Если он рассчитывал заслужить этим благодарность профессора, то ошибся в расчете: Куницын оглядел его слегка презрительным взглядом, подозвал к себе Пушкина и, обняв его за плечи, пошел ходить с ним по зале.

– Вы дружны с этим Гурьевым? – был первый вопрос его.

– Нет, только случайно раньше познакомились, – отвечал Пушкин.

– И не советую особенно дружиться с ним. А что до клички Француз, – прибавил он, ласково улыбнувшись, – то предрекаю вам, что она, как наклеенный ярлык, за вами так и останется. Ну что, каково вам здесь показалось? Дома вы пользовались полною свободой, а мы одели вас в общую форму, втиснули в рамки определенного расписания, точно связали по рукам и ногам, не правда ли?

– Ах, да… – вздохнул Пушкин. – И в дверях камер даже проволочные решетки, как в тюрьме…

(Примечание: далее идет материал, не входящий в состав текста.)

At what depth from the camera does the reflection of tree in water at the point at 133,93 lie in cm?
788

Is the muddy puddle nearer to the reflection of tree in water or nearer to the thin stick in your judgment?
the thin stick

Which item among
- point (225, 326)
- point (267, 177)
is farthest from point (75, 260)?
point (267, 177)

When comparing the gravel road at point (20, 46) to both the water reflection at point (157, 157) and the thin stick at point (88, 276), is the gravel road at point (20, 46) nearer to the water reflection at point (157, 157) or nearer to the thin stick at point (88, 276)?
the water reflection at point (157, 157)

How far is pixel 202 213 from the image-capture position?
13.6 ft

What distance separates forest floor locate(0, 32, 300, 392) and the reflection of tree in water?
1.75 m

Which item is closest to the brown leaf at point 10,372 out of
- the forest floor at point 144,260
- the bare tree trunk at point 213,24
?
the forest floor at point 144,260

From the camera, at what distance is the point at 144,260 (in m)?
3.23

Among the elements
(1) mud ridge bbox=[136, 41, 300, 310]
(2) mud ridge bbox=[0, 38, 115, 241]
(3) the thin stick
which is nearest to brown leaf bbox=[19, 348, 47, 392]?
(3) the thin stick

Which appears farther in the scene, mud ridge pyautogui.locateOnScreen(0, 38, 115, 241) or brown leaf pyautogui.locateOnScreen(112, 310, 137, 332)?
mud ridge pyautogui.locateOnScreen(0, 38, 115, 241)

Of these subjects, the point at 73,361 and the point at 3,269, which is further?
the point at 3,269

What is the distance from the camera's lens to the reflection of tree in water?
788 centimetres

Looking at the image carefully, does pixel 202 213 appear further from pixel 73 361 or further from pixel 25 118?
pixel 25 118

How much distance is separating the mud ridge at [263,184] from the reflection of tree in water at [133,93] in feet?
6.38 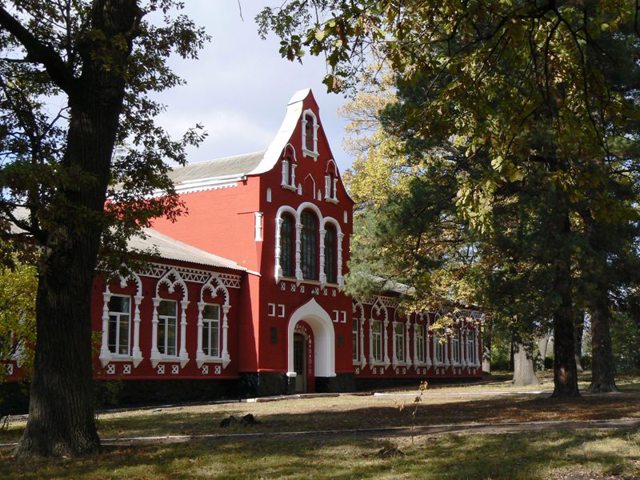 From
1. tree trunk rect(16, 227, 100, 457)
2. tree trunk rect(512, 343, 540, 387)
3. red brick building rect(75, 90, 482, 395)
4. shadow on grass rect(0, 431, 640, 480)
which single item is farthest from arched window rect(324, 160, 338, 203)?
tree trunk rect(16, 227, 100, 457)

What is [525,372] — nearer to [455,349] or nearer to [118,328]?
[455,349]

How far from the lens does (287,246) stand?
105 ft

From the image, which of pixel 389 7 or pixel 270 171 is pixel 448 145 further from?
pixel 389 7

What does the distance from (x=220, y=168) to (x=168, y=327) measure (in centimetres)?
926

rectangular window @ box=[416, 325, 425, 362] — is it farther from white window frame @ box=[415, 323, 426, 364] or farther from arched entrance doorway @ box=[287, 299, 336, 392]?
arched entrance doorway @ box=[287, 299, 336, 392]

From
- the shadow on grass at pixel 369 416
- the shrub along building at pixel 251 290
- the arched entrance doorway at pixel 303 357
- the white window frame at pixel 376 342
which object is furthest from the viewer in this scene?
the white window frame at pixel 376 342

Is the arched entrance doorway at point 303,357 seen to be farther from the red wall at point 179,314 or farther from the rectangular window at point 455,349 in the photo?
the rectangular window at point 455,349

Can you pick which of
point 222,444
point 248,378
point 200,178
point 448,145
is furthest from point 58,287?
point 200,178

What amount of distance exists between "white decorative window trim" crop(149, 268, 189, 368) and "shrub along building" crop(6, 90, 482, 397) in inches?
1.8

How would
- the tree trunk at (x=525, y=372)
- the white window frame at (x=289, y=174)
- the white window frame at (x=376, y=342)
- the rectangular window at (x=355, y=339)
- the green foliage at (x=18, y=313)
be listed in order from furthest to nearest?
the white window frame at (x=376, y=342) → the rectangular window at (x=355, y=339) → the tree trunk at (x=525, y=372) → the white window frame at (x=289, y=174) → the green foliage at (x=18, y=313)

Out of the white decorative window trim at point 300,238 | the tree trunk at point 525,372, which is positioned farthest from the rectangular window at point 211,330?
the tree trunk at point 525,372

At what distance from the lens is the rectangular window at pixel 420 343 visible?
42.6 m

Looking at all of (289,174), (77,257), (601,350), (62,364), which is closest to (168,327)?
(289,174)

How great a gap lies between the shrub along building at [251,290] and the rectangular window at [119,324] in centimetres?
3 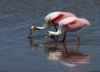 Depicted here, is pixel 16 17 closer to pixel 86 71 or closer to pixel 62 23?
pixel 62 23

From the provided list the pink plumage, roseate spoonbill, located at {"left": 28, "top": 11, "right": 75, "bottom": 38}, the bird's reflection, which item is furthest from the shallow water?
the pink plumage

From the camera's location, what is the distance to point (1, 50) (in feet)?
34.6

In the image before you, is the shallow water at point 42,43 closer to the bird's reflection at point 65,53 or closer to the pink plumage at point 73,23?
the bird's reflection at point 65,53

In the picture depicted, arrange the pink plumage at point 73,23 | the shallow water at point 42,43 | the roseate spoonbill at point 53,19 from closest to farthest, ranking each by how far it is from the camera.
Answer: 1. the shallow water at point 42,43
2. the pink plumage at point 73,23
3. the roseate spoonbill at point 53,19

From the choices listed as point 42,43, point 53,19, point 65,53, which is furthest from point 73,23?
point 65,53

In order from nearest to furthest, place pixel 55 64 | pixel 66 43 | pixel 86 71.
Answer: pixel 86 71 → pixel 55 64 → pixel 66 43

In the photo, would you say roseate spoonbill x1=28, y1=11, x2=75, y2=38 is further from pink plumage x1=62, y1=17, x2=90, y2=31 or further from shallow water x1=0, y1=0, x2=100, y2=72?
pink plumage x1=62, y1=17, x2=90, y2=31

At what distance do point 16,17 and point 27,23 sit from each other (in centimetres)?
120

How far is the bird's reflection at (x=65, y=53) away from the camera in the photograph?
9302mm

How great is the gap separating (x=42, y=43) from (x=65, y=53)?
147 centimetres

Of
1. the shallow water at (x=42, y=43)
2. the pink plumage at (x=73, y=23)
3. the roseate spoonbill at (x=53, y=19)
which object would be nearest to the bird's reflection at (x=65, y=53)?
the shallow water at (x=42, y=43)

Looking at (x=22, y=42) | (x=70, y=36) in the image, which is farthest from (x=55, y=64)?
(x=70, y=36)

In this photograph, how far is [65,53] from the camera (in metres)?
10.2

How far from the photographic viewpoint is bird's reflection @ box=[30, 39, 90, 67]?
9302 millimetres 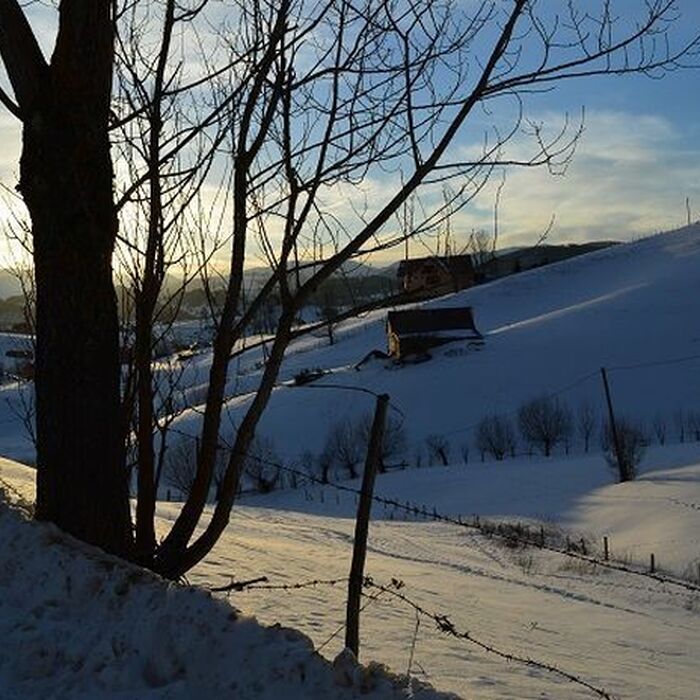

– Не думал я, признаться, что попаду в тюремщики! – засмеялся Куницын. – Но успокойтесь: поверьте мне, что скоро обживетесь, как птичка в клетке. Вы здесь не в тюрьме, а в клетке.

– Только не в золотой!

– Именно в золотой. Великодушный монарх наш приютил вас, лицеистов, в своем царском чертоге, предоставил вам даже тот самый флигель, где до сих пор жили его младшие братья и сестры. Радея о вас, как о родных детях, он отдал вам свою собственную библиотеку, где многие книги носят еще на полях собственноручные его драгоценные пометки. «Мне надобны люди добрые, честные для службы моей» – его подлинные слова. И дабы подготовить вас надлежащим образом «ко всем важным частям службы государственной» (как дословно выражено в высочайшем указе), мы, ваши ходатаи и рачители, приставлены к этой золотой клетке кормить вас самым отборным научным зерном. А отрастут у вас крылья – с Богом! – летите на все четыре стороны и всемерно прославляйте имя нашего державного куратора, что вашу юность так отечески возлелеял. Слегка напыщенная, но образная речь молодого профессора сама по себе не могла уже не затронуть созвучной струны в груди мальчика-поэта. А глубокая убежденность, почти юношеская восторженность, которыми дышало каждое слово этой речи, придавали ей неотразимую силу. Увлеченный ею, Пушкин откровенно признался:

– Я всегда безотчетно любил государя: он так ангельски добр, говорят! В памяти моей навсегда останется один случай, о котором я как-то слышал в детстве.

– Какой это случай?

– А однажды, видите ли, государь со свитой гулял верхом за городом. Вдруг он поскакал вперед. Оказалось, что на берегу реки он увидел толпу крестьян, которые, вытащив из воды утопленника, не знали, что с ним делать. Государь соскочил с коня, велел раздеть покойника и вместе с крестьянами стал тереть ему виски, руки, подошвы ног. Между тем прискакала и свита и, можете себе представить, как была удивлена! А крестьяне совсем обомлели: они до тех пор принимали государя за простого офицера. В свите был и лейб-медик… Забыл, как его зовут…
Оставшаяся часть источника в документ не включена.